Two vendors will be chosen for the Justice Unified Telecommunications Network.
ORLANDO, Fla. - Justice Department officials expect to award a contract in two to three weeks to a primary vendor for a unified telecommunications network, followed a couple weeks later with an award to a secondary contractor.
The two-vendor approach is meant to ensure that the Justice Unified Telecommunications Network (JUTNet), a data, voice and image network, has strong backup, Justice Department chief information officer Vance Hitch said today.
Plans for JUTNet began last summer when officials examined how to replace the existing network infrastructure, the Justice Consolidation Network. Hitch described JCN as nothing more than a buying vehicle for the components within the department to purchase telecommunication network services. Yet only half of the department's network dollars was going through JCN, and the department used seven other contract vehicles, he said. The department had network redundancies and was not taking advantage of the technology with JCN.
The department needed "a network that would not only be unified but also have built into it the security we would need," Hitch said, speaking today on a panel at the Information Processing Interagency Conference sponsored by the Government Information Technology Executive Council. "I wanted to make sure we would have something that would stand the test of time."
Hitch said JUTNet is a managed services contract, allowing the department to take advantage of the industry's capabilities and target the network to a service-level agreement.
"I think there are real savings here to be made for the department," Hitch said. "This is a program that should pay for itself."
Hitch and fellow panel member Defense Information Systems Agency Director Lt.
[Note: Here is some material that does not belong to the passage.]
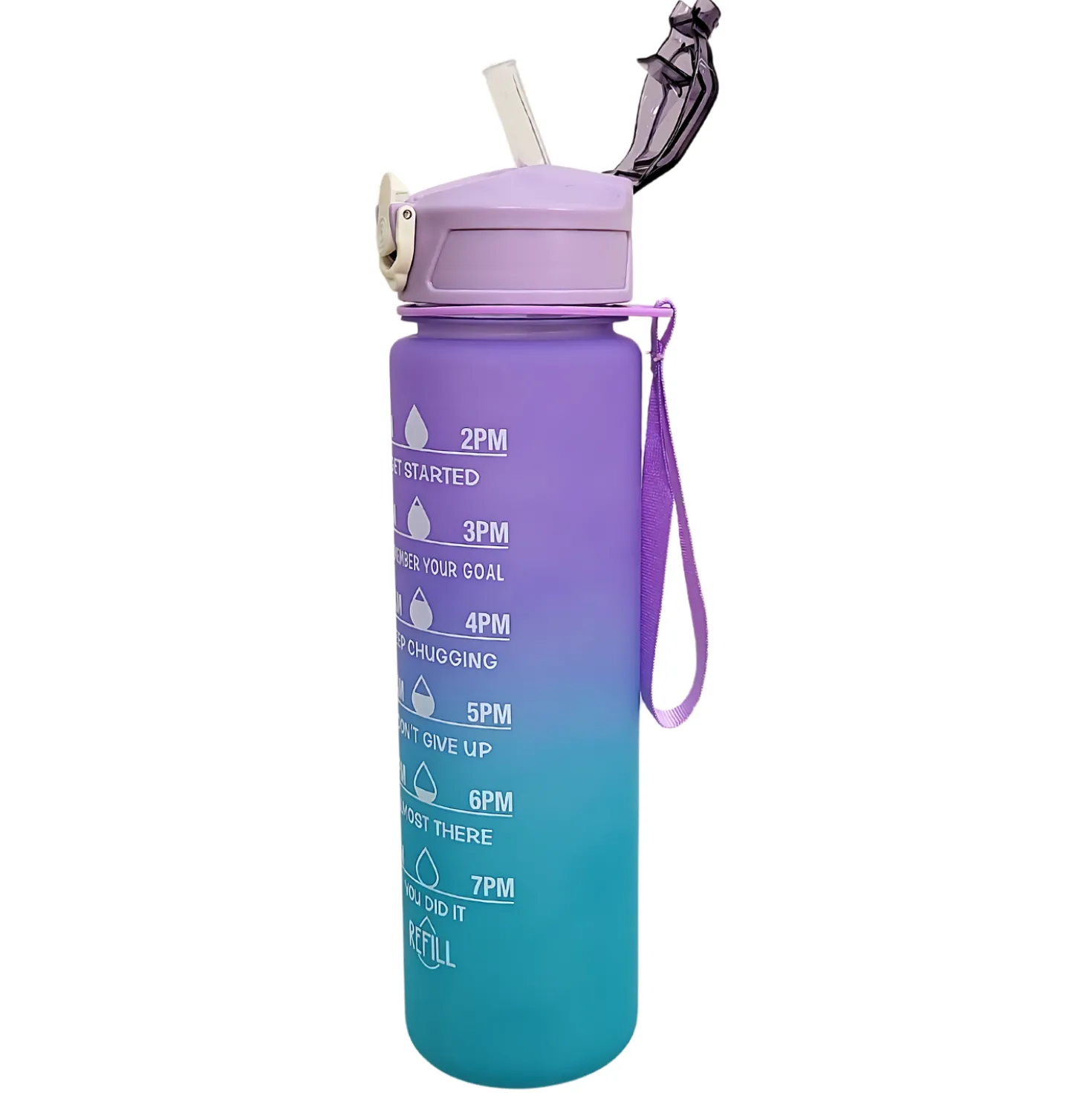 Motivoiva juomapullo, 900 ml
Gen. Harry Raduege agreed the network is the foundation for an entire enterprise.
"It is the core for everything we do in the military for effectiveness of operations, speed of operations and efficiency of operations," Raduege said.
Raduege said the Defense Department is seeing a revolution in network operations, and with DOD utilizing the network as a weapons system, officials need clear lines of command and control. With that comes the need to train the people managing the network, resulting in the emergence of network operators.
"This is new terminology for the military, but it's starting to evolve," he said.